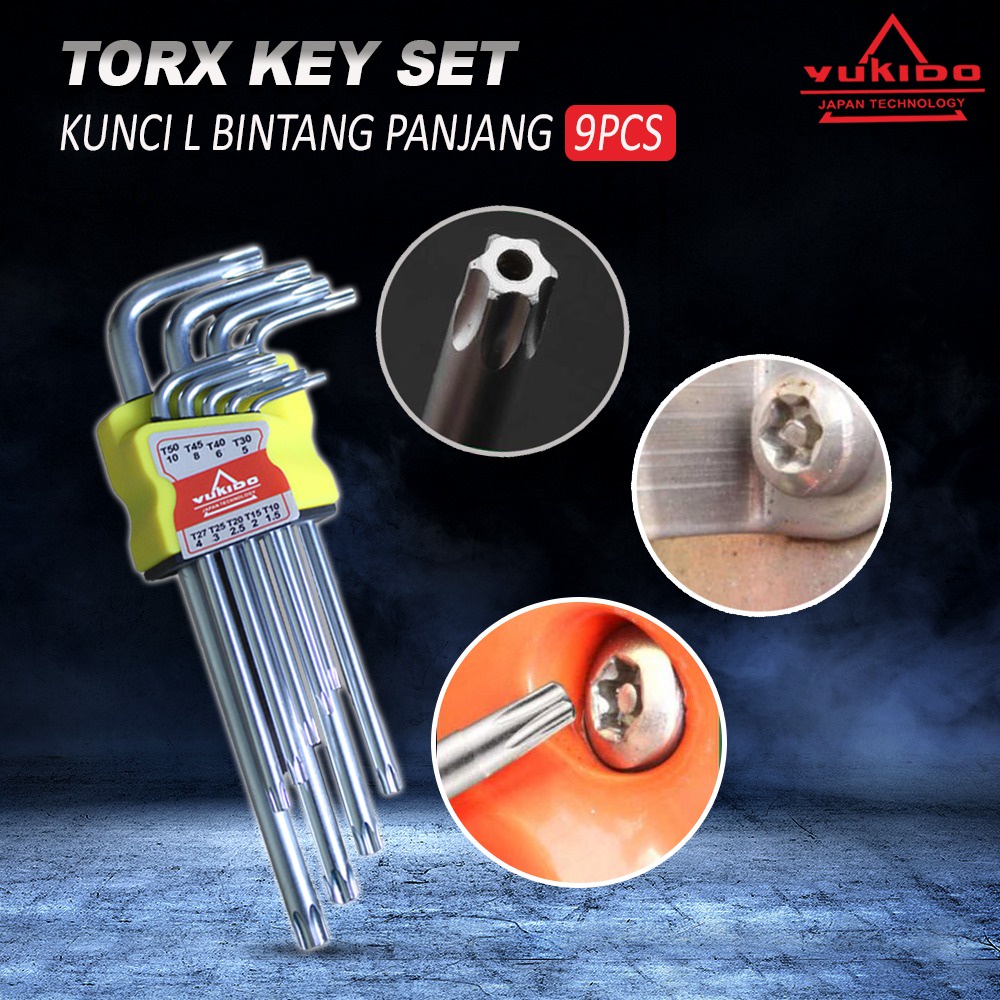 YUKIDO Kunci L panjang dan bintang set panjang kombinas / tamper Torx key set 9pc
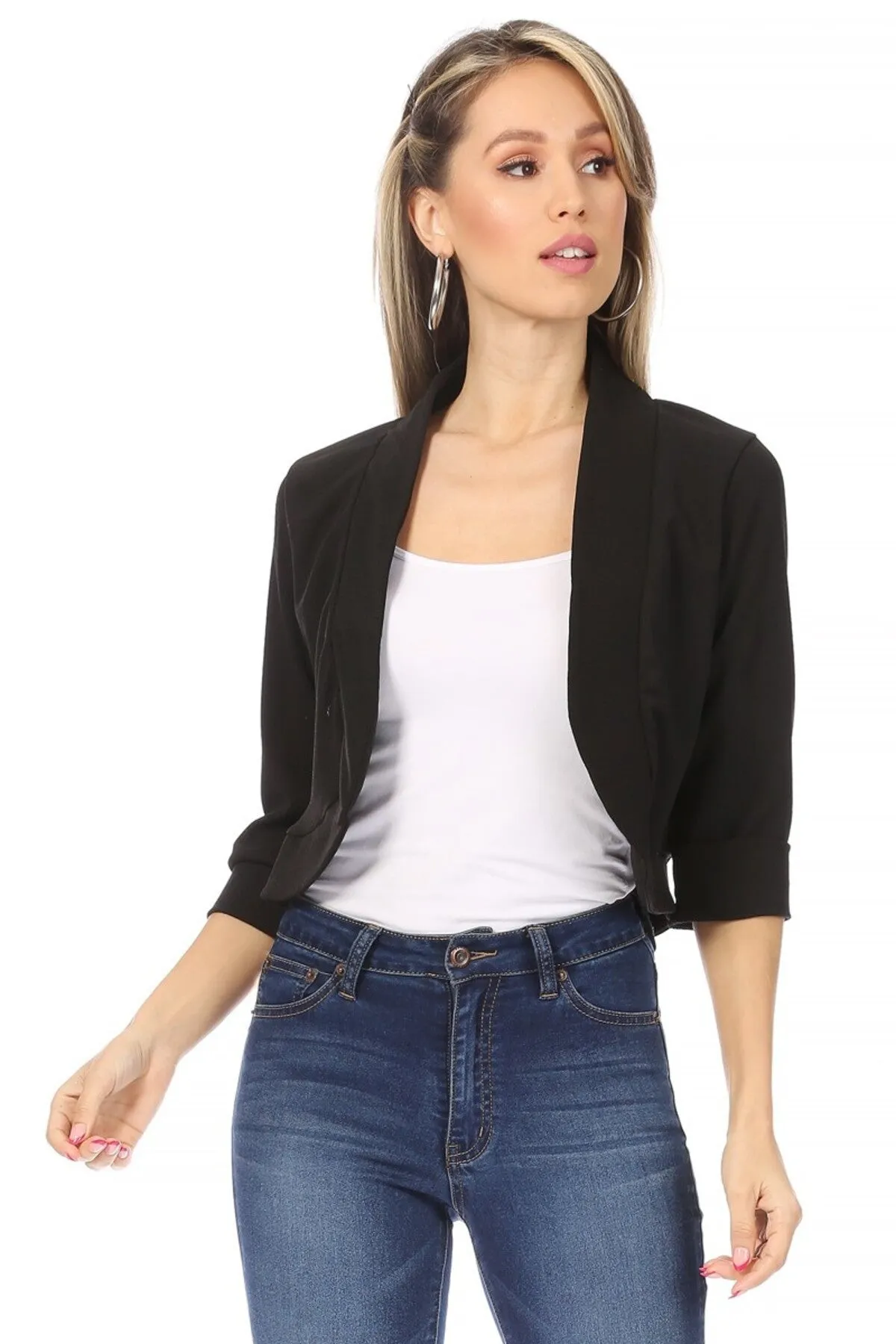 Classic 3/4 Sleeve Open Front Bolero Blazer Cardigan V7106 $9Each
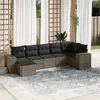Image de Salon de jardin modulable VIDAXL resine tressee gris 7 pieces x 83 x 69 7 personnes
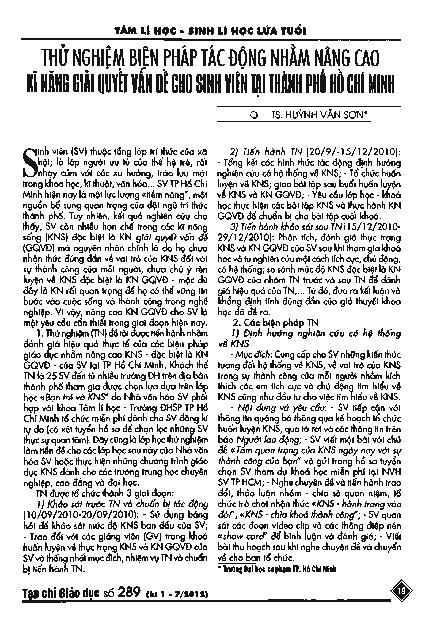 Thử nghiệm biện pháp tác động nhằm nâng cao kĩ năng giải quyết vấn đề cho sinh viên tại thành phố Hồ Chí Minh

TASK => Starting with the line that holds "Classic 3/4 Sleeve", retype each line through the last one in the listing above, exactly as written. Do not copy any pictures.

FINISHED TASK =>
 Classic 3/4 Sleeve Open Front Bolero Blazer Cardigan V7106 $9Each
Image de Salon de jardin modulable VIDAXL resine tressee gris 7 pieces x 83 x 69 7 personnes
 Thử nghiệm biện pháp tác động nhằm nâng cao kĩ năng giải quyết vấn đề cho sinh viên tại thành phố Hồ Chí Minh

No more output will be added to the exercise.